Geometric Optics Deep Dive: Bending Light and Making Images

Refraction and Snell's Law

What refraction is (and why light “bends”)

Refraction is the change in direction of a light ray when it crosses a boundary between two different materials (like air and water). You can think of it as the “steering” that happens because light travels at different speeds in different media. Refraction matters because it explains everyday effects (a straw looking bent in a glass) and it is the foundation for lenses, prisms, optical instruments, and even why your eyes can focus.

A useful way to picture what’s happening is a “wavefront” model: light can be treated as a wave, and the wavefront changes speed when it enters a new medium. If one side of a wavefront enters the slower medium first, that side slows down first, causing the wavefront to pivot. Since rays are drawn perpendicular to wavefronts, the ray direction changes.

A key point that prevents a common misconception: light does not curve gradually throughout a uniform material. In geometric optics, light travels in straight lines within a uniform medium and changes direction only at the boundary.

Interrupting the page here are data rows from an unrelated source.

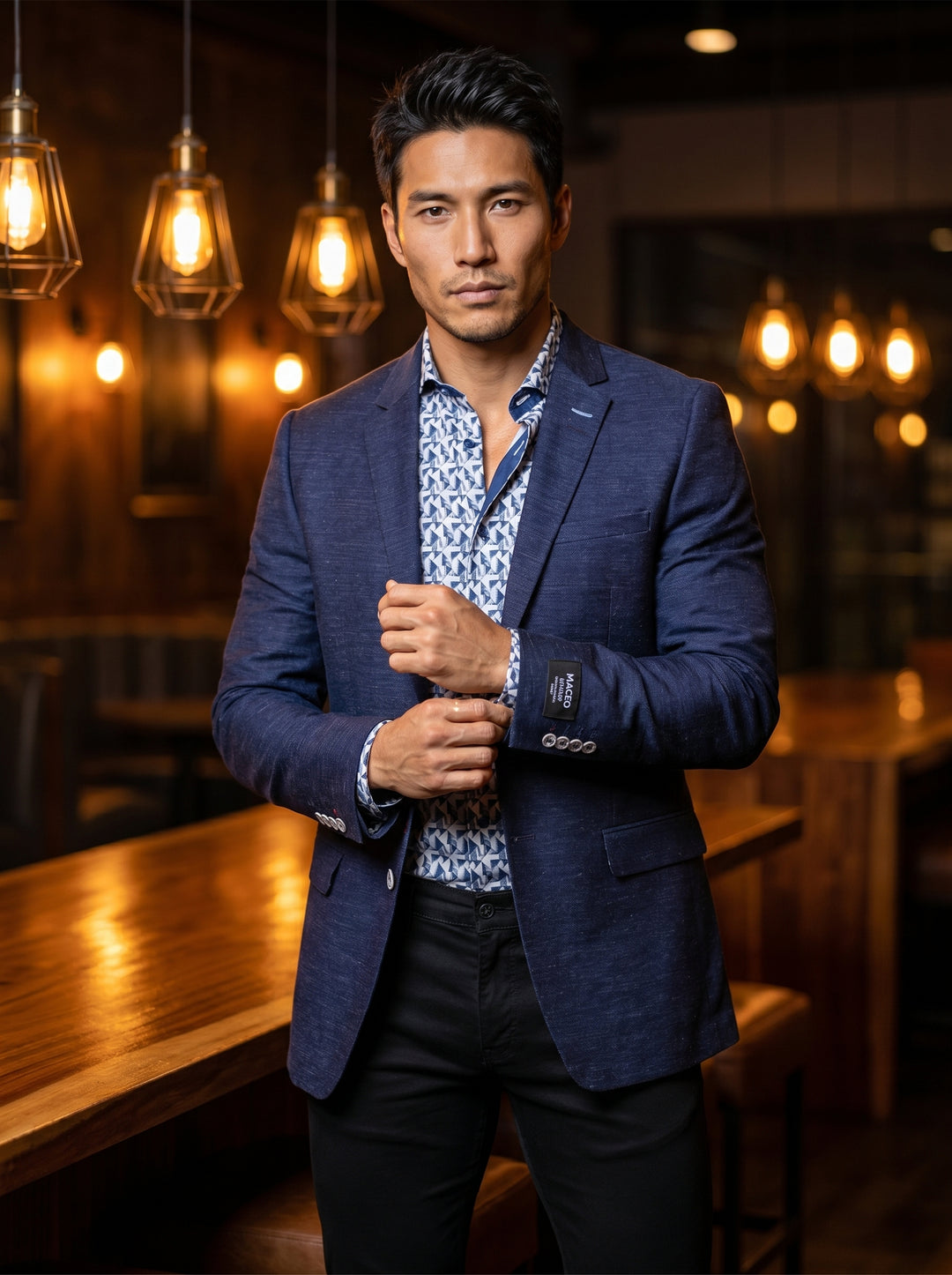 This sophisticated men's ensemble features a textured navy blue blazer with a single-breasted two-button closure and classic notched lapels. Underneath is a modern geometric print button-down shirt in shades of blue and white, paired with sleek black slim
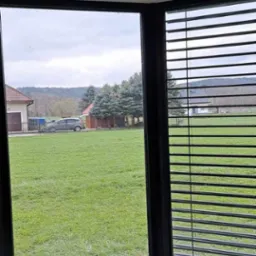 Wnętrze pokoju z narożnym oknem PCV z czarną ramą i zamontowanymi poziomymi żaluzjami, widok na trawnik, dom i zaparkowany samochód w pochmurny dzień.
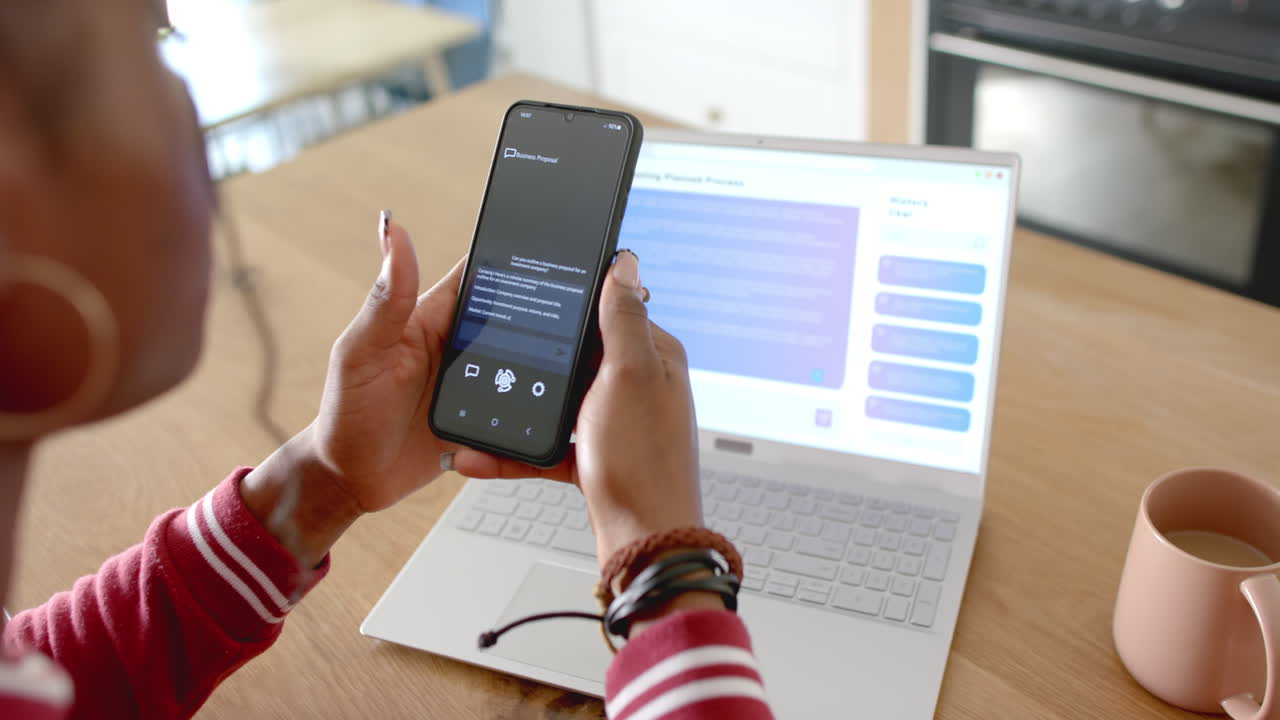 African American woman holding smartphone, showing Ai Chat Bot Screen, at home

The refractive index and what it means physically

The index of refraction (also called refractive index) of a medium is defined as

n = \frac{c}{v}

where:

  • n is the refractive index (unitless)
  • c is the speed of light in vacuum
  • v is the speed of light in the medium

This definition tells you what “optically dense” means: a higher n means a lower speed v in that medium.

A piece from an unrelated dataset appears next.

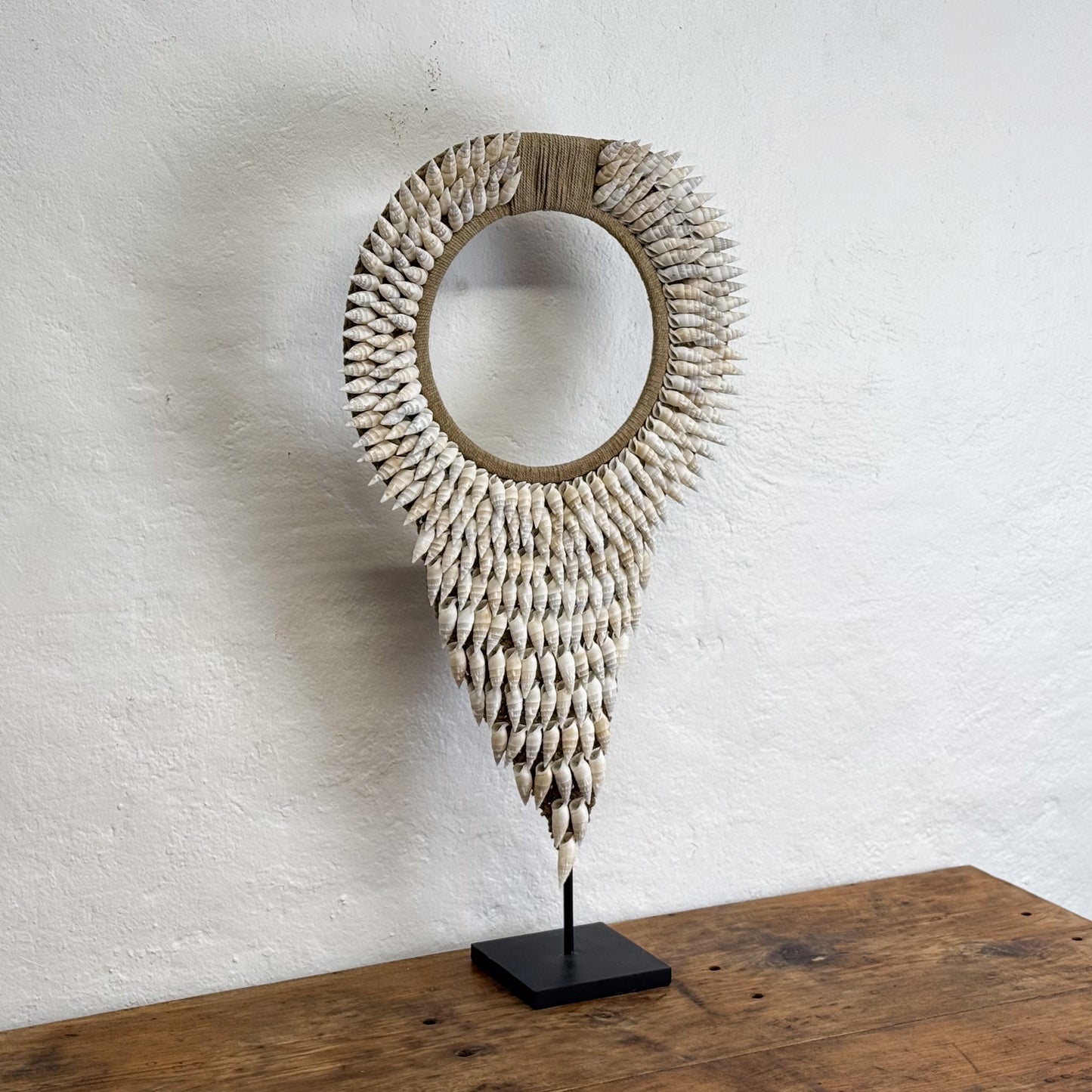 Decorative shell mirror on a wooden stand against a white wall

Two wave facts that drive many refraction questions:

  • The frequency of the light does not change when crossing a boundary (it is set by the source).
  • The wavelength does change because v = f\lambda.

So if light enters a medium with larger n (smaller v), then with the same f, the wavelength \lambda becomes smaller. Students often mix this up by thinking frequency changes—frequency stays the same across the boundary.

Snell’s Law: the quantitative rule for bending

When a ray of light passes from one medium into another, the angles obey Snell’s Law:

n_1 \sin(\theta_1) = n_2 \sin(\theta_2)

where:

  • n_1 is the refractive index of the incident medium
  • n_2 is the refractive index of the transmitted (refracted) medium
  • \theta_1 is the angle of incidence, measured from the normal (the line perpendicular to the surface)
  • \theta_2 is the angle of refraction, also measured from the normal

The “measured from the normal” part is crucial. A frequent error is measuring angles from the surface itself, which flips sines and can give nonsense results.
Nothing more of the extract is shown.